So glad I came up with this easy recipe for gluten-free crepes because I need to start eating thing with less gluten, which cuts out some of my favorite foods. I am not a big crepe baker so if this recipe is off let me know. My neighbor from Germany turned me onto crepes when he was visiting Costa Rica and although I never made them, because he used white flour, I did try his and they were yummy. I do think my gluten-free crepes texture is off, because of the flour I am using, but not so off that it is bad. However the flavor is excellent. it still needs to be perfected though.
1Sift together flour, salt, baking soda, and orange rind; set aside.
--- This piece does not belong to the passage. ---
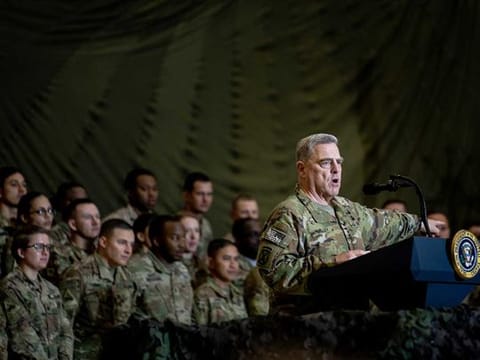 General Mark Milley, chairman of the Joint Chiefs of Staff, addresses troops at Bagram Airfield in Afghanistan on Nov. 28, 2019. President Donald Trump is expected to order the US military to withdraw thousands of troops from Afghanistan, Iraq and Somalia by the time he leaves office in January 2021. 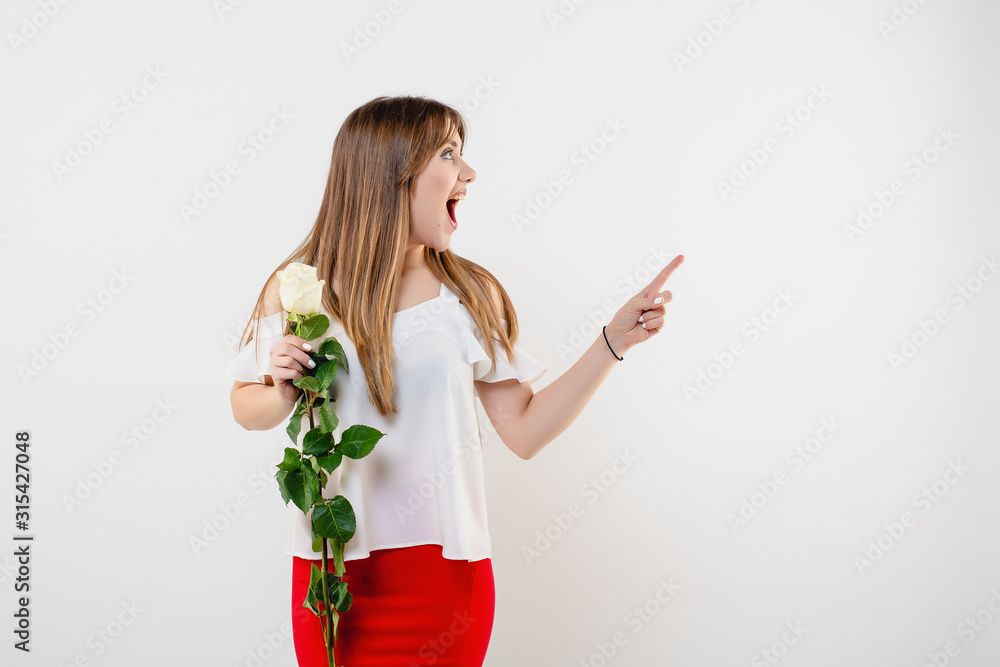 woman with rose pointing finger at copy space wearing red skirt and blouse isolated over white woman with rose pointing finger at copy space wearing red skirt and blouse isolated over white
In a large bowl beat sugar, eggs, yogurt and milk together with an electric mixer (or whisk). Beat in flour mixture until smooth; stir in melted butter.
2Heat a lightly buttered griddle or frying pan over medium high heat. Pour or scoop the batter onto the griddle, using approximately 2 tablespoons for each crepe. Tip and rotate pan to spread batter as thinly as possible. Turn down heat. Lightly Brown on both sides and serve hot. Do not attempt to flip until it cooks through on the first side. These are very delicate so unstick the edges with a flat spatula and gentle shimmy the spatula until you have enough of the crepe on top of it before you gently flip it. Take one or two times before you get the hang of it.
3Serve with berry jam. It can be served as a light dessert too. Like with just whipped cream. Or saute some chopped fresh or canned pineapple till caramelized and serve on top of the crepe with or without whip cream. Its great with ice cream too. Very versatile.